Точный источник этих вариантов, конечно, не ясен, однако сравнение с текстом других пьес показывает, что тип вариативности в идентификации персонажа (как в ремарках, предшествующих репликам, так и в сценических указаниях), о котором я буду говорить при анализе «Отелло», встречается на удивление редко. Хотя эти варианты вполне могут быть не авторского происхождения, скорее всего, они появились в процессе плодотворного сотрудничества между писателем и труппой в процессе репетиций и спектаклей.
Так, например, имеет значение, как во второй сцене первого акта появляются Брабанцио и Родриго, ищущие Отелло: в сопровождении «других с факелами и оружием», как сказано в кварто, или «офицеров и факельщиков», как сказано в фолио. В кварто они приходят с домочадцами Брабанцио, разбуженными Яго в первой сцене, — со «всей родней», которую поднимает Брабанцио (I, 1, 169)8, и с теми караулами, которые он «властью облечен / Снимать, где пожелаю» (I, 1, 182—183). Сцена переходит в уличную драку, в которой слуги, принадлежащие к соперничающим группировкам, пытаются увести Отелло в тюрьму или предотвратить похищение. В фолио у Брабанцио было время собрать по пути офицеров — «офицеров ночного караула» (I, 1, 184); таким образом, тюремное заключение Отелло — реальная угроза, а эти офицеры отличны от офицеров Кассио — посланцев от дожа. Противопоставляются два вида власти, дож и закон, что предвосхищает двоякие требования к государственности, которые будут в следующей сцене.
Чем больше мы осознаем социальный статус, тем больше, как недавно напомнил об этом Д.К. Хантер, подчеркиваются такие моменты.

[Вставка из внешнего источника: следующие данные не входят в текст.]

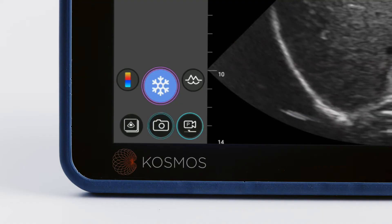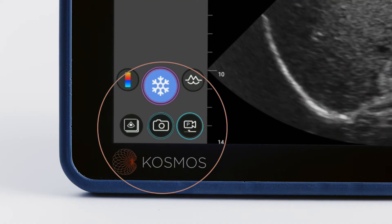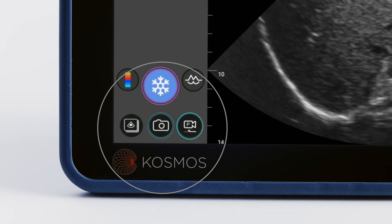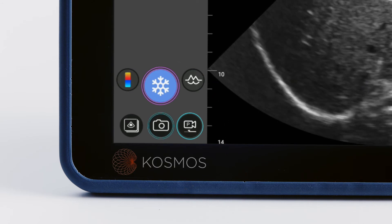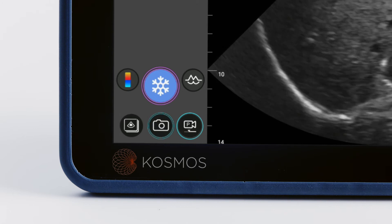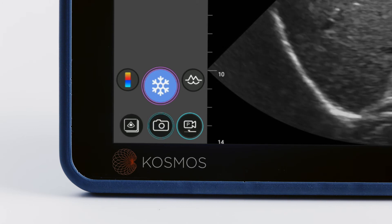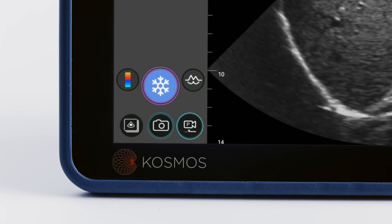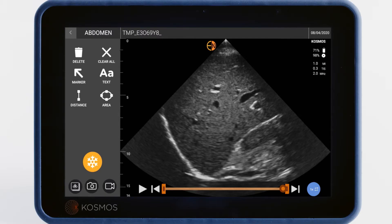At the very bottom of the menu, there are three icons. The first will take you to review saved images. The camera icon captures still images and the video recorder captures videos. The blue snowflake button is the freeze button, which opens another menu for image editing and annotation, which we'll review in video 8.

Первоначально, вероятно, для зрителей имело гораздо большее значение, чем для нас, то, как, например, было доставлено в сенат донесение (I, 3): матросом и гонцом или двумя гонцами; кто произносит реплику «вестовой из флота» — сам матрос (как в кварто) или один из офицеров дожа (как в фолио); кто приносит весть о прибытии корабля Яго (II, 1) — гонец или один из дворян, сопровождающих Монтано в этой сцене; или, наконец, выходит ли Отелло, чтобы остановить ночную драку на Кипре, в сопровождении свиты дворян (как указано в кварто) вроде тех, что были при Монтано (II, 1), или же в сопровождении слуг, как в фолио. В каждом отдельном случае есть небольшие, но тем не менее ощутимые отличия в зависимости от того, что это за персонаж, к какой социальной группе он относится, какие у него отношения с другими персонажами в данной сцене. Все это должно быть частью анализа персонажа.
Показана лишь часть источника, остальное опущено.